Your task is to repeat exactly the lines below between the line holding "PANTALON CHASSE IMPERMÉABLE CHAUD 500 VERT" and the line holding "Import Modern wall", inclusive, and only those.

Stored data:
◇ ◇ ◇ ◇ ◇ ◇ ◇

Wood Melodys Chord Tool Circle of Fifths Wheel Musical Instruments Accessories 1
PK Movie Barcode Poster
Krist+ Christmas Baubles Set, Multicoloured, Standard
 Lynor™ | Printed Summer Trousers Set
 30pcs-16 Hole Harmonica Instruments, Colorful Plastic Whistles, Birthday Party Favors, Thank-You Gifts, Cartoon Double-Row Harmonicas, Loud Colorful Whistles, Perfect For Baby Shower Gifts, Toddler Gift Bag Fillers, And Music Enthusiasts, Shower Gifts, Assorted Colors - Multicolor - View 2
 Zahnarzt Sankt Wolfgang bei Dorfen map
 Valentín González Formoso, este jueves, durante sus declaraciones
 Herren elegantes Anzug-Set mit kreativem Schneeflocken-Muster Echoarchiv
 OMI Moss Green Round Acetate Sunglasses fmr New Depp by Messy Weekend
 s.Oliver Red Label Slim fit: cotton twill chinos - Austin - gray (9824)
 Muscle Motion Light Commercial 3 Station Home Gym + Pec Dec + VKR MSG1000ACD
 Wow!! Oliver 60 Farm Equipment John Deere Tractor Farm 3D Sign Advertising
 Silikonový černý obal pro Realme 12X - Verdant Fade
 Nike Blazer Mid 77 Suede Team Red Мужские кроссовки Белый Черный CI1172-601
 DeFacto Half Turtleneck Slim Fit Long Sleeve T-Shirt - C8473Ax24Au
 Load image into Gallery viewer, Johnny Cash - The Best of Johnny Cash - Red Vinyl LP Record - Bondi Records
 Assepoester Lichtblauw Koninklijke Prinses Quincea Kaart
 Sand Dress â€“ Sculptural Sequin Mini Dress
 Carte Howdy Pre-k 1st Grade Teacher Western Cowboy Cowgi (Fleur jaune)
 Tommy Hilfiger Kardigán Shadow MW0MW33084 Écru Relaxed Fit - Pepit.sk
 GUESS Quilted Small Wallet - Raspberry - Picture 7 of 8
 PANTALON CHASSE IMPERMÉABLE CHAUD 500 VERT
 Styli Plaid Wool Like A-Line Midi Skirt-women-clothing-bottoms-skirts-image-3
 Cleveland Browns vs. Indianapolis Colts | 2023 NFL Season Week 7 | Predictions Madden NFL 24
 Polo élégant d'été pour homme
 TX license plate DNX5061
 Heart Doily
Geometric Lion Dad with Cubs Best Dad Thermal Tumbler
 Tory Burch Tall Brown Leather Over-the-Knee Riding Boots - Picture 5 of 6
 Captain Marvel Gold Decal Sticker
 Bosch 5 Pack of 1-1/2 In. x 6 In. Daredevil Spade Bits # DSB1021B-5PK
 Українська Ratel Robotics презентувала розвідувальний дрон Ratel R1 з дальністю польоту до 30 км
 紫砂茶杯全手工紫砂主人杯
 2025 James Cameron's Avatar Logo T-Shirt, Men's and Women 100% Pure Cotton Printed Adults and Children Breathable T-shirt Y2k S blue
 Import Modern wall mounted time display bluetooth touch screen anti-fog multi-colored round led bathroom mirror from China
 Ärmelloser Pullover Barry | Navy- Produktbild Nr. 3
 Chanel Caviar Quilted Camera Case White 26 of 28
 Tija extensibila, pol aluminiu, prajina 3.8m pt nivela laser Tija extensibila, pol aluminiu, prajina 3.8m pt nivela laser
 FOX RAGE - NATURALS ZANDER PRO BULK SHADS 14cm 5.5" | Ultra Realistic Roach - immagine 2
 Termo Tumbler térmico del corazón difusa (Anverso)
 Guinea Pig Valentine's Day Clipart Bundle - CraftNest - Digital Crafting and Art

◇ ◇ ◇ ◇ ◇ ◇ ◇

*Response*.
 PANTALON CHASSE IMPERMÉABLE CHAUD 500 VERT
 Styli Plaid Wool Like A-Line Midi Skirt-women-clothing-bottoms-skirts-image-3
 Cleveland Browns vs. Indianapolis Colts | 2023 NFL Season Week 7 | Predictions Madden NFL 24
 Polo élégant d'été pour homme
 TX license plate DNX5061
 Heart Doily
Geometric Lion Dad with Cubs Best Dad Thermal Tumbler
 Tory Burch Tall Brown Leather Over-the-Knee Riding Boots - Picture 5 of 6
 Captain Marvel Gold Decal Sticker
 Bosch 5 Pack of 1-1/2 In. x 6 In. Daredevil Spade Bits # DSB1021B-5PK
 Українська Ratel Robotics презентувала розвідувальний дрон Ratel R1 з дальністю польоту до 30 км
 紫砂茶杯全手工紫砂主人杯
 2025 James Cameron's Avatar Logo T-Shirt, Men's and Women 100% Pure Cotton Printed Adults and Children Breathable T-shirt Y2k S blue
 Import Modern wall mounted time display bluetooth touch screen anti-fog multi-colored round led bathroom mirror from China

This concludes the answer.